To further achieve a state of privacy, Sacred uses Relayers.

The problem with blockchain transactions on Ethereum, Polygon and similar chains, is that the user will need to pay for gas. To pay for gas, a wallet needs MATIC. To get MATIC to pay for gas, a user might get it from an exchange or a friend or from themselves, maybe from a wallet that is already connected to their identity. Now a malicious actor can find out where their MATIC came from and link it with the user’s identity. Relayers help solve this problem.

Asset withdrawals and Yield earned can be redeemed anonymously to a “clean” wallet, aka a wallet with no ETH or MATIC, through relayers. A relayer is a privacy-preserving payment mechanism that protects anonymity by sending and paying for the transaction on their behalf. The relayer is refunded for the gas fees by deducting the gas fees from their withdrawal. A relayer cannot act maliciously as the ZK-SNARK proof is generated from their local device and verified on-chain. This Zero Knowledge Proof also contains the receiving address as part of the proof calculation so that they can be sure that nobody can tamper with it. Furthermore, the yield redemption mechanism is separate from the initial principle — this separation further ensures the security and anonymization of transactions.

The relayer is basically a web server with the following functionalities: Status Check (of itself) Queue Jobs Execute Jobs Sacred Withdraw Mining Reward (AP Claim) Mining Withdraw (AP → SACRED swap)

The withdrawal process with the relayer is summarized below.

Code Summary - Relayer

User inputs: (same as withdraw on Front-End UI)

  1. Note

  2. Recipient Address

  3. Relayer settings (relayer URL, fee amount)

Parameters passed to the Relayer (browser processed the user input):

  1. Contract Instance (Address)

  2. Proof

  3. Root

  4. Nullifier Hash

  5. Recipient (address)

  6. Relayer (address)

  7. Fee

  8. Refund

The relayer receives the Parameters and executes the withdraw contract function (see above). The relayer never has possession of the user’s deposit/withdrawn funds. The contract handles all payments; the relayer is only executing the transfer function by providing the user’s proof.

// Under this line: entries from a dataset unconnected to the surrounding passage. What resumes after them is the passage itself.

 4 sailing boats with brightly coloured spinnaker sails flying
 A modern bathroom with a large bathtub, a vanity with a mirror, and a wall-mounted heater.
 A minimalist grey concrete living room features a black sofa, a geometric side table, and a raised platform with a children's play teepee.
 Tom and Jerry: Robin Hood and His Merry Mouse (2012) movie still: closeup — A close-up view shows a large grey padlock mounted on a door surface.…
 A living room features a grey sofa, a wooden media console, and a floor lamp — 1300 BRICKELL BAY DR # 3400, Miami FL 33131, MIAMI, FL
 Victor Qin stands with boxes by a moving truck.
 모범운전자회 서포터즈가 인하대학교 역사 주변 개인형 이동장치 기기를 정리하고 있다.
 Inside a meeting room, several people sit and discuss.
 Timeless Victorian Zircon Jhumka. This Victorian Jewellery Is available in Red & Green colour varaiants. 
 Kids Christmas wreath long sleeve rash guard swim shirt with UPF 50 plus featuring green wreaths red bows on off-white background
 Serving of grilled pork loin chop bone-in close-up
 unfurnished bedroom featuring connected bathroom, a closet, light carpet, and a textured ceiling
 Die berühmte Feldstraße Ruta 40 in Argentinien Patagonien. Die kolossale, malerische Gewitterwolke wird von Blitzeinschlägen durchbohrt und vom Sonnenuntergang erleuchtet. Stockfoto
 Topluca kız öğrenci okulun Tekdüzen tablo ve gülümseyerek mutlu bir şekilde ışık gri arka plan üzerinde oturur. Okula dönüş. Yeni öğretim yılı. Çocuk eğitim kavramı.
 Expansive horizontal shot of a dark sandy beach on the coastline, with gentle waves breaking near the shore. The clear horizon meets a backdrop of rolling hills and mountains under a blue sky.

Note: Because the proof is generated using parameter values like the recipient address, a relayer cannot tamper with the proof or arguments to have a successful withdrawal. A malicious relayer will have the transaction rejected and the User’s funds will stay inside the contract and count as being not withdrawn (also at the expense of the relayer who paid for gas until the contract reverted).